__Aim of the task__. Reproduce only the lines of the material below that start at the line containing "Cracked Window Repair in Conway" and stop at the line containing "Rumah Berangkai 2". Keep both end lines.

__Dataset__.
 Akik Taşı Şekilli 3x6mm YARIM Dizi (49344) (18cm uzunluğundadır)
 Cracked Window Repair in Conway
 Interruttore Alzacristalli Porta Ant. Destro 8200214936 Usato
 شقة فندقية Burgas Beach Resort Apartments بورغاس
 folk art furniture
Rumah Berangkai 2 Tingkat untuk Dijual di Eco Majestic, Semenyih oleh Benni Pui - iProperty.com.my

--

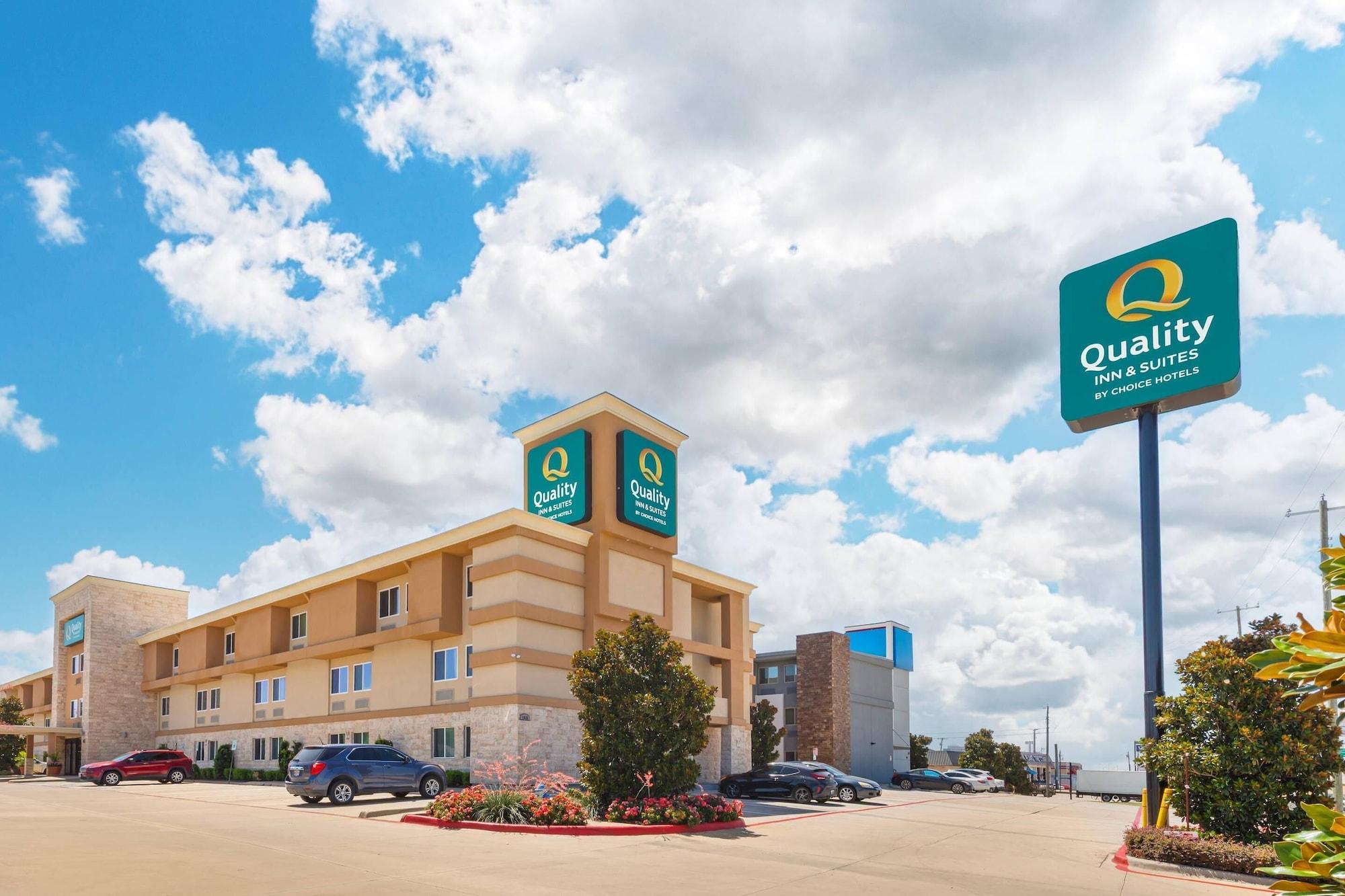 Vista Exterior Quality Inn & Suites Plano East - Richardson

* * *

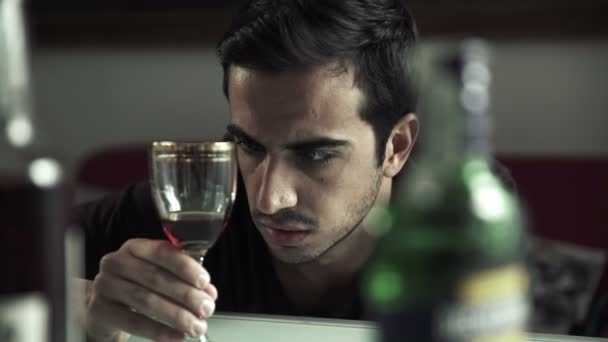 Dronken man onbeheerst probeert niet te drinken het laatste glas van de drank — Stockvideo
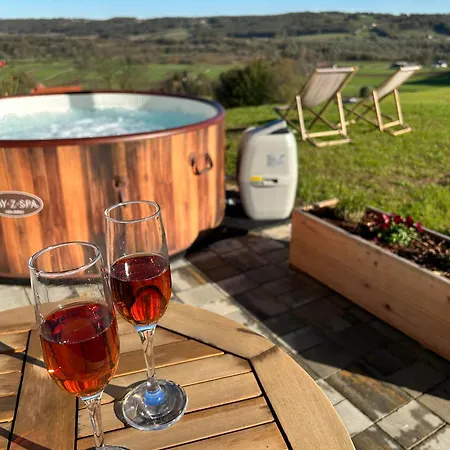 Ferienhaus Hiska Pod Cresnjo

__Response area__.
 Cracked Window Repair in Conway
 Interruttore Alzacristalli Porta Ant. Destro 8200214936 Usato
 شقة فندقية Burgas Beach Resort Apartments بورغاس
 folk art furniture
Rumah Berangkai 2 Tingkat untuk Dijual di Eco Majestic, Semenyih oleh Benni Pui - iProperty.com.my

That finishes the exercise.